WORK ORDER | In the records below, find each line with the word "Ford" and copy it.

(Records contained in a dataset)
::::

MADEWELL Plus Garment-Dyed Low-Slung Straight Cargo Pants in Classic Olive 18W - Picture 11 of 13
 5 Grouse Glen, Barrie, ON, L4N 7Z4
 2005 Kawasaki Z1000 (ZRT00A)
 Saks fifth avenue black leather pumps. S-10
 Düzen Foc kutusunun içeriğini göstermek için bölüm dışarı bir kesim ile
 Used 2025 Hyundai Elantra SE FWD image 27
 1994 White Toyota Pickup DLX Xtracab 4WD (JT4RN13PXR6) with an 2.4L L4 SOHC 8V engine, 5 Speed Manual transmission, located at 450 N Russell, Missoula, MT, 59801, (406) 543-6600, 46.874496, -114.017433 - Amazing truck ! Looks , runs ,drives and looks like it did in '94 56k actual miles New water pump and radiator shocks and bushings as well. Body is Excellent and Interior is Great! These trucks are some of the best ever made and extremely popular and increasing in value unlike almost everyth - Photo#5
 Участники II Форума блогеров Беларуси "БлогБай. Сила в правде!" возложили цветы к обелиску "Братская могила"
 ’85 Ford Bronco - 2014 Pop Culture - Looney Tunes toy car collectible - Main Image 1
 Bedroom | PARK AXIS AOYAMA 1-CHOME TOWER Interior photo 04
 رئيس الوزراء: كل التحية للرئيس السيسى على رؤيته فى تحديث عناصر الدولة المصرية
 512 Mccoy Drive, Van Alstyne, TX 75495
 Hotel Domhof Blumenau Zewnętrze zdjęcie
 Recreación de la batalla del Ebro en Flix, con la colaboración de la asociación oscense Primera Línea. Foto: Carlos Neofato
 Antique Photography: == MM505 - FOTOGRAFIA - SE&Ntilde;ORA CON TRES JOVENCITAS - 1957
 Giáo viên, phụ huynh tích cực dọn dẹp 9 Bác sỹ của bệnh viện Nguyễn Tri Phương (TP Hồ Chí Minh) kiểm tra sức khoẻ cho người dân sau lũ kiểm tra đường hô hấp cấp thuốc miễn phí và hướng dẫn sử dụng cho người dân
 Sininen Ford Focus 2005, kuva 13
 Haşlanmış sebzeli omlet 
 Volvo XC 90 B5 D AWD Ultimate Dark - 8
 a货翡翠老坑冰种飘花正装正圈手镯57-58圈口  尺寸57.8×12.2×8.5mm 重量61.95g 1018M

::::

WRITTEN SOLUTION |
 ’85 Ford Bronco - 2014 Pop Culture - Looney Tunes toy car collectible - Main Image 1
 Sininen Ford Focus 2005, kuva 13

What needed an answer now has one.